*HOW TO COMPLETE THIS TASK*
Pictures aside, return all of the records exactly as they stand.
******************************
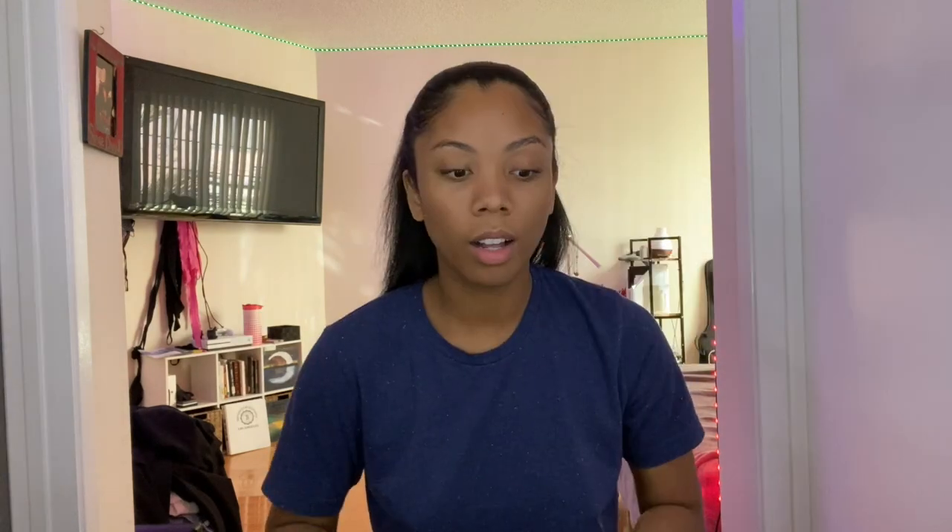Beautiful. This is the finished Maddie hair look. Now we're going to get on to makeup. I'm missing chunky hoops — that's what I need. I totally forgot about the hoop earrings. Like, that's a major accessory of Maddie. I'm about to go see if I can find some really quick.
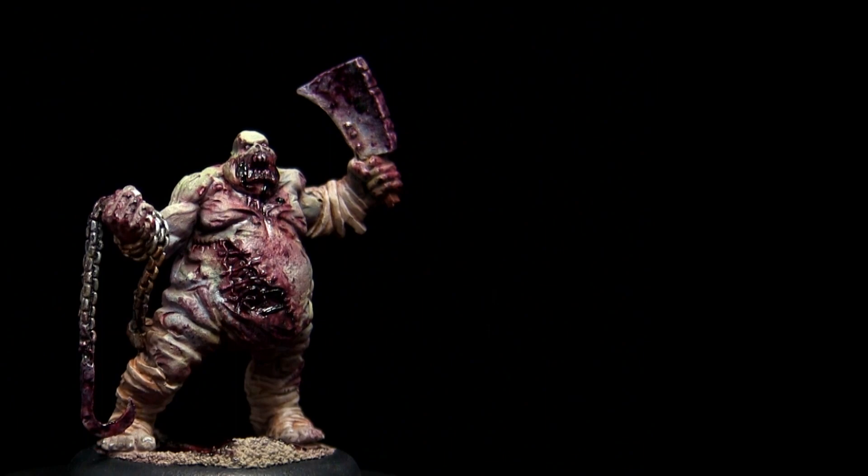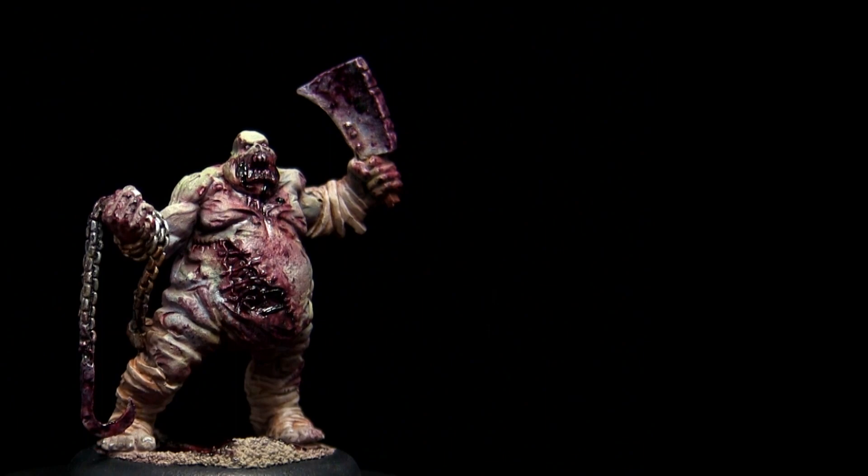Killjoy here eats people as he defeats them in combat, so I made it look like he just ate his fill. Have fun and post a video response of your gory creations.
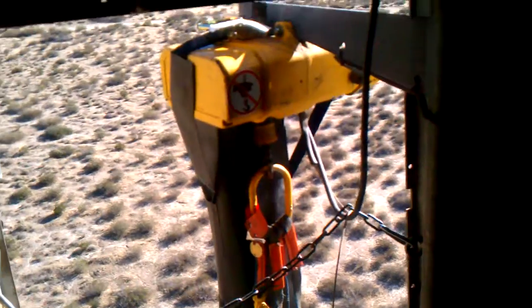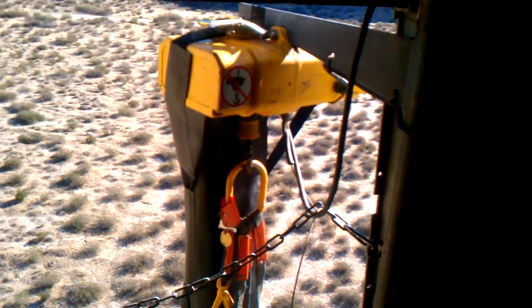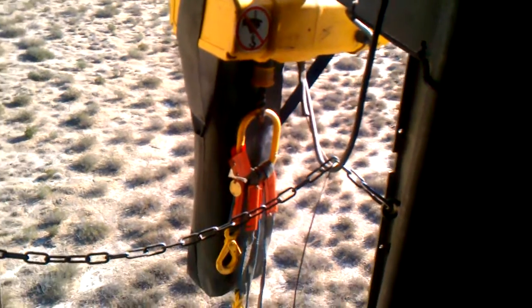This is our chain hoist. We swing it out of the back of the turbine to lower and raise tools that we need while we're working.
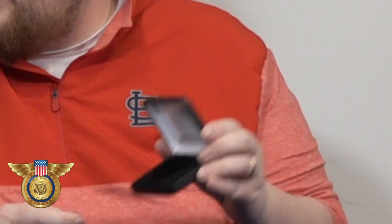Hey, this is Joe, your coin supply expert. Today I'm going to show you how to use our black leather display boxes. Here we have a box for our airtight coin capsules.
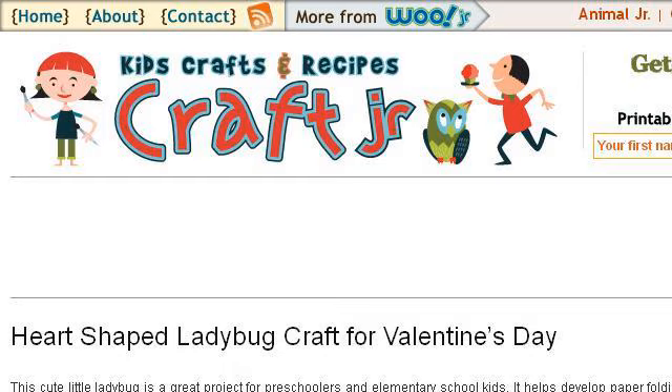Our top-ranked site to learn about Ladybug Faces Craft is www.craftjr.com, specifically the page titled Heart-Shaped Ladybug Craft for Valentine's Day at Craft Jr. This is the link.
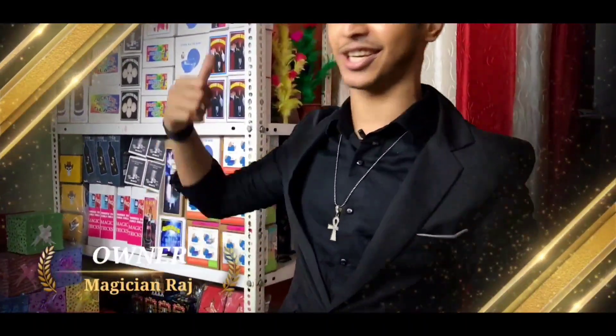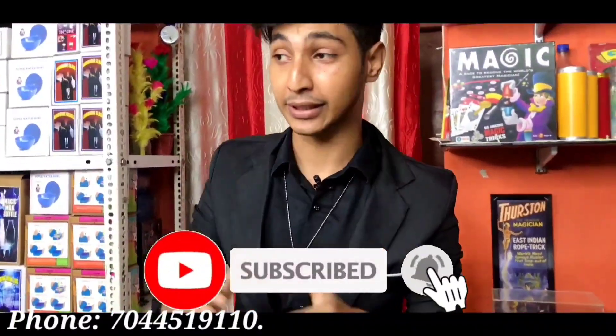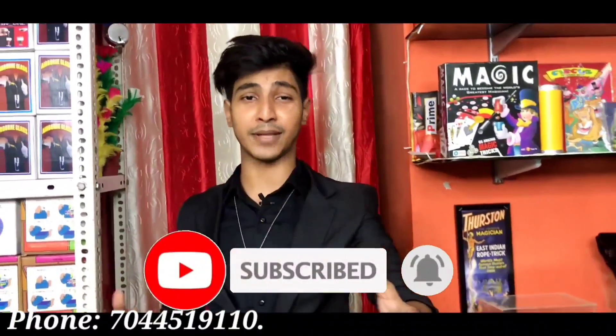Go to my channel if you liked the video today. Subscribe to my channel. Here I am drawing a magic grab with a little bit of dice.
******************************
*EXERCISE SOLUTION*
Beautiful. This is the finished Maddie hair look. Now we're going to get on to makeup. I'm missing chunky hoops — that's what I need. I totally forgot about the hoop earrings. Like, that's a major accessory of Maddie. I'm about to go see if I can find some really quick.
Killjoy here eats people as he defeats them in combat, so I made it look like he just ate his fill. Have fun and post a video response of your gory creations.
This is our chain hoist. We swing it out of the back of the turbine to lower and raise tools that we need while we're working.
Hey, this is Joe, your coin supply expert. Today I'm going to show you how to use our black leather display boxes. Here we have a box for our airtight coin capsules.
Our top-ranked site to learn about Ladybug Faces Craft is www.craftjr.com, specifically the page titled Heart-Shaped Ladybug Craft for Valentine's Day at Craft Jr. This is the link.
Go to my channel if you liked the video today. Subscribe to my channel. Here I am drawing a magic grab with a little bit of dice.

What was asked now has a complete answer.